Order of operations in C. ++ vs |=, which occurs first?

Question

I have the following code that I'm reading through:

if( (i%2) == 0 ){ 
    *d = ((b & 0x0F) << 4); 
}
else{
    *d++ |= (b & 0x0F); 
};

I'm looking specifically at the else statement and wondering in what order this occurs? I don't have a regular C compiler, so I can't test this. When we are performing *d++ |= (b & 0x0F);, what order does this occur in?

Answer 1

The ++ is applied on the pointer d, not on the lvalue that is being assigned to, *d.
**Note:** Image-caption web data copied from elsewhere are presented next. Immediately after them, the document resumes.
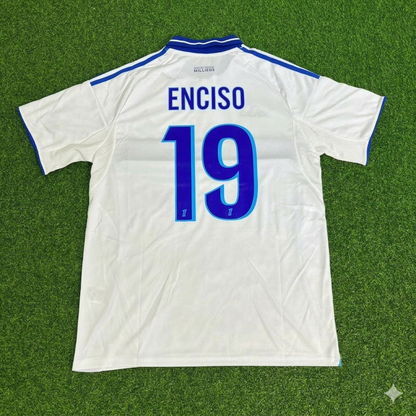 Julio César Enciso 19- Strasbourg 2026 Football Jersey Kit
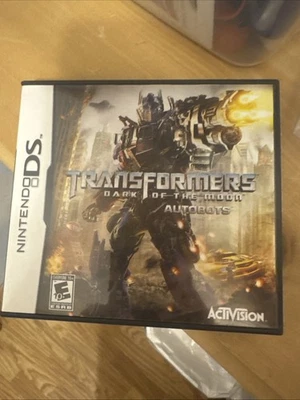 Transformers: Dark of the Moon - Autobots (Nintendo DS, 2011) - Imagem 1 de 3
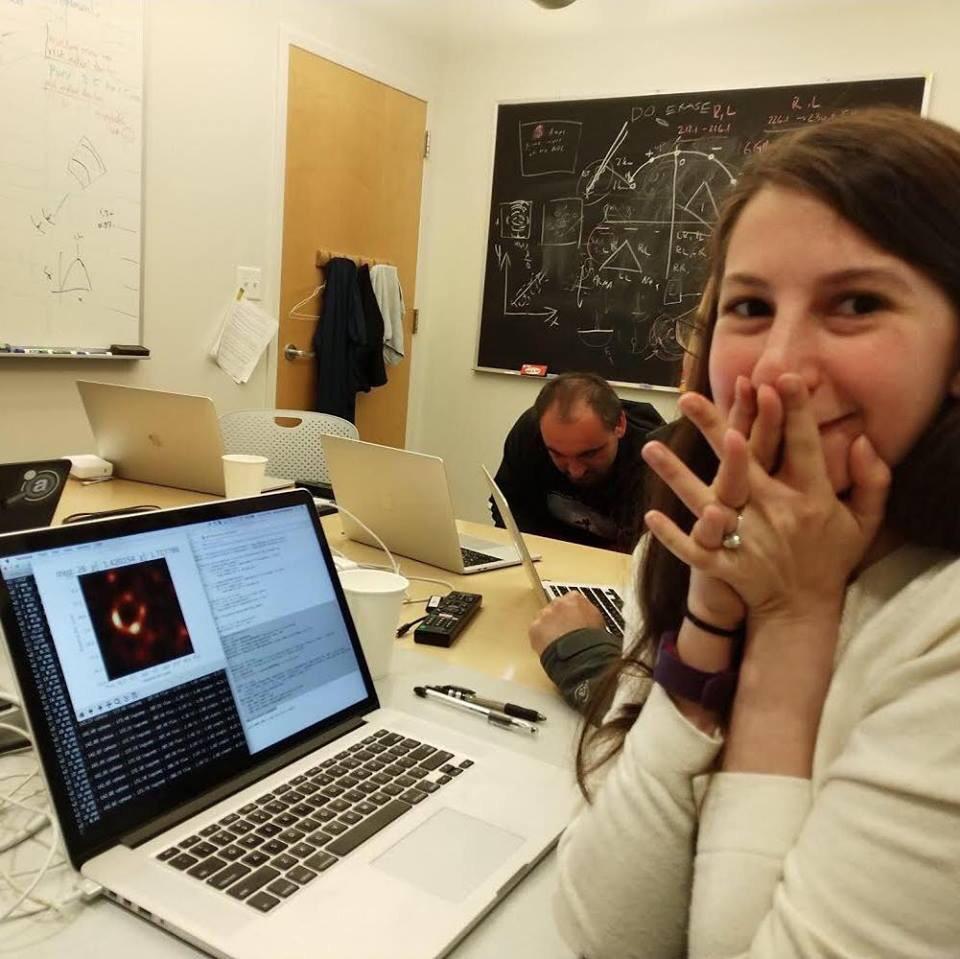 Meet Dr Katie Bouman, the computer scientist behind the first  image* of a black hole.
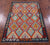 Reversible Kilim Flat Weave Wool On Wool Rug - Manhattan Rugs
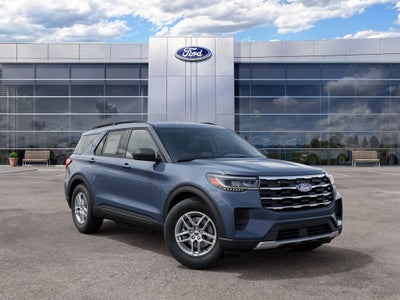 2027 Ford Explorer Active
If you really want to, you can think of it like this:

1. The value of b is bitwise-AND:ed with the constant 0x0f
2. The resulting bit pattern is bitwise-OR:ed into the value that d points at.
3. The pointer d is incremented to point at the next value.

Answer 2

This link (C++ Operator Precedence) should give you the answer.

Answer 3

First the right part of |= is executed, then the *d |= assignment is done, then d is incremented. Usually when you have code that causes questions like that you should just rewrite it for the sake of clarity.

Answer 4

d++ returns the value d had before it was incremented. This is then dereferenced by the *, and that location is what the |= is performed on. So the data at the location prior to incrementing d will have (b & 0x0F) ored into it.

In general, if the order of operations in a line of code is not clear at a glance, refactor the line into its constituent operations until it is. Generated code does not become any faster or more compact simply from squeezing lots of operations onto one line of C! There is no good reason to sacrifice comprehensibility in this way. Replace the line with

*d |= (b & 0x0F); 
d++;

Answer 5

++ is done first. However post-increment (i.e. d++ here) is equivalent to this (temp=d, d++, temp).

Answer 6

++ will occur before |=. Assignment operators are at the bottom of the precedence chart.

Answer 7

According to http://www.cppreference.com/wiki/operator_precedence

it will evaluate (b & 0x0F) then apply the |= to it and assign it to *b, finally increment the value that *b in pointing to.

Answer 8

The expression *d++ |= (b & 0x0F) breaks down as follows:

1. The expressions *d++ and b & 0x0F are each evaluated once (the order in which they are evaluated is not specified; the compiler is free to evaluate b & 0x0F before *d++ since the result does not depend on the order in which evaluation occurs);
2. The result of (b & 0x0F) is bitwise-or'd with the result of *d++;
3. The result of the bitwise-or operation is stored to the location originally pointed to by d;
4. At some point in all of this, the value of d is updated.

The expression *d++ is parsed as *(d++); i.e. you are dereferencing the result of the expression d++. The expression d++ evaluates to the current value of d, and at some unspecified point before the next sequence point (in this case, the end of the statement), the value of d is updated. The side effect of updating d does not have to be applied immediately; it can occur before or after the assignment.